The result was keep. — OcatecirT 01:16, 16 June 2007 (UTC)
[edit] Applied Information Economics
Declined this as a spam speedy, but I do not see any real sources that assert notability. Author has a conflict of interest, and has added links to this article to multiple economics articles, but COI is not a reason for deletion Steve (Stephen) talk 01:40, 8 June 2007 (UTC)
- Comment - Regarding the claim that it is blatant advertisment:
- Apparently the only reason this is seen as a "blantant advertisement" is the citation of my book. I'm fine with the removal of that. However, you will find that Applied Information Economics is taught in more than one university and used in several government agencies if you google the phrase. The term is not trademarked and the process is public domain. If you think it makes it "less blatant" then feel free to remove reference to Douglas W. Hubbard. But why not apply the same rules to the Balanced Scorecard article? Or the Analytic Hierarchy Process article?
- Also, note that AIE is an alternative to Balanced Scorecard. Both are public domain methods although they were largely initiated by a single book or set of authors. Neither term is a trademark nor has either method been patented. In both cases, multiple firms exist that provide services in that area. One difference I see is that there are apparently no courses actually named "balanced scorecard" in the ciriculum of major universities. I agree that the AIE article should be just as neutral as the balanced scorecard article. If the AIE article must be deleted, then the Balanced Scorecard articles (and many others, no doubt) would have to be deleted if the same rules applied
- Regarding the neologism accusaion, usually, a 10-12 year old term used in other publications by those other than the person who coined it, used as the title of a class in a university, and in the public domain (not trademarked) would not be a neologism. Or someone may need to define how long a term must be used before it is no long a "neo"-logism.Hubbardaie 01:47, 8 June 2007 (UTC)
-
-
- Again, regarding the claim this is blatant advertising, a close read of the blatant advertising rule in speedy delete rules does not seem to include this. This rule includes the sentence "Note that simply having a company, product, group, service, or person as its subject does not qualify an article for this criterion; an article that is blatant advertising should have inappropriate content as well." Perhaps "blatant" and "inappropriate" are the key subjective terms, here. But, again, if balanced scorecard passes this criterion, I'm not sure how this article wouldn't.Hubbardaie 03:59, 8 June 2007 (UTC)
-
- Neutral Article needs a second point of view. Badly. I can see major problems in the theory straight away. But it's been around a while and sort of stumbles up to the notability requirements finish line based on the handful of articles here and there that mention it when you do a search. We're not here to judge anything but verifiability and notability. Note to Hubbardaie: Putting this article on Wikipedia means that you have given them the right to add content you may not like. That's about to happen. - Richfife 02:00, 8 June 2007 (UTC)

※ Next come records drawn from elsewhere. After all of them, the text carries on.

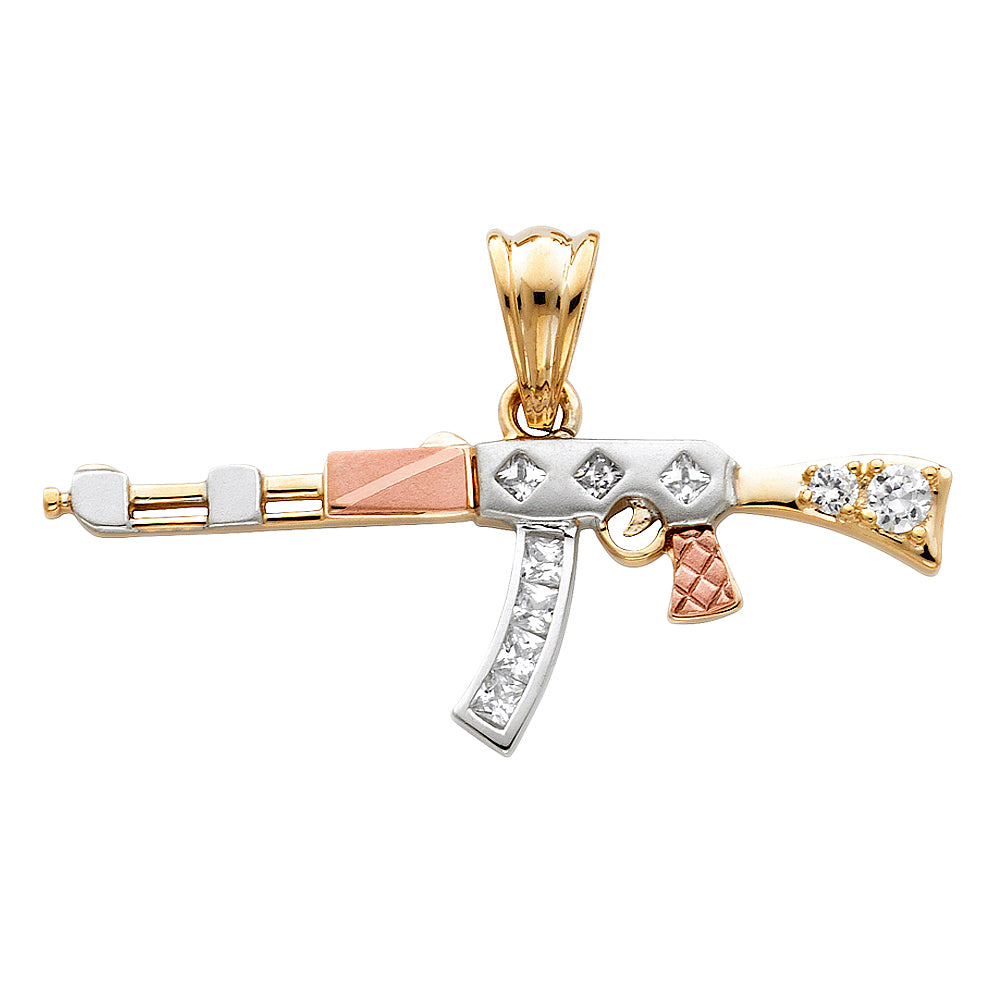 14K Yellow Gold Gun, Money & Animal Pendant - PT1517
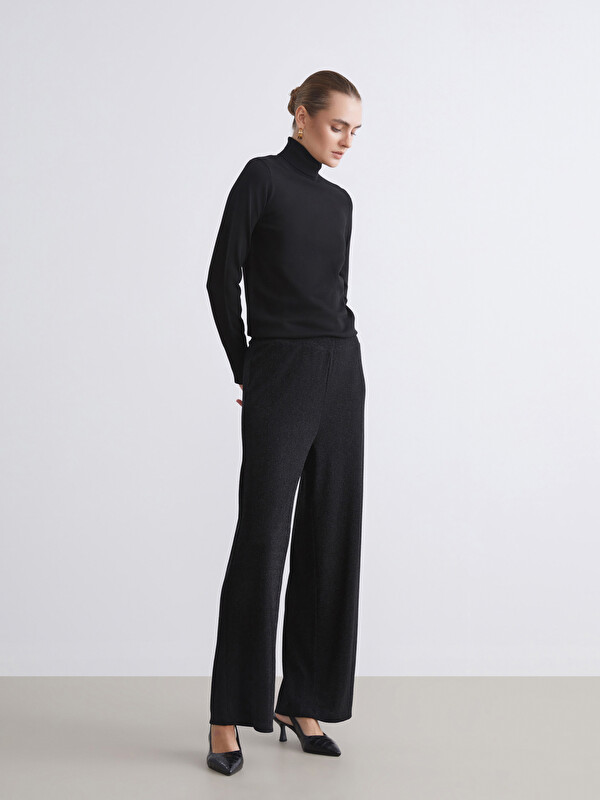 LCW EVERYDAY Elastic Waist Shiny Look Women's Trousers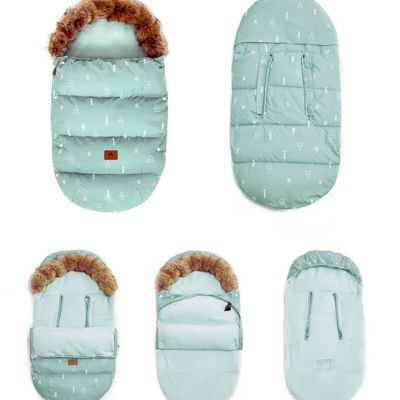 Chancelière poussette hiver chaud triangle vert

- Regarding Richfife comments: I recognize the exposure to criticism and, of course, invite all comments. I'm curious what "major problems" you see in the theory. But the additional reference I added includes a lengthy US government research report on AIE. It should give you much more to respond to. I would have included all of that detail about how to execute the method but then I would have only risked having even more effort deleted.Hubbardaie 02:53, 8 June 2007 (UTC)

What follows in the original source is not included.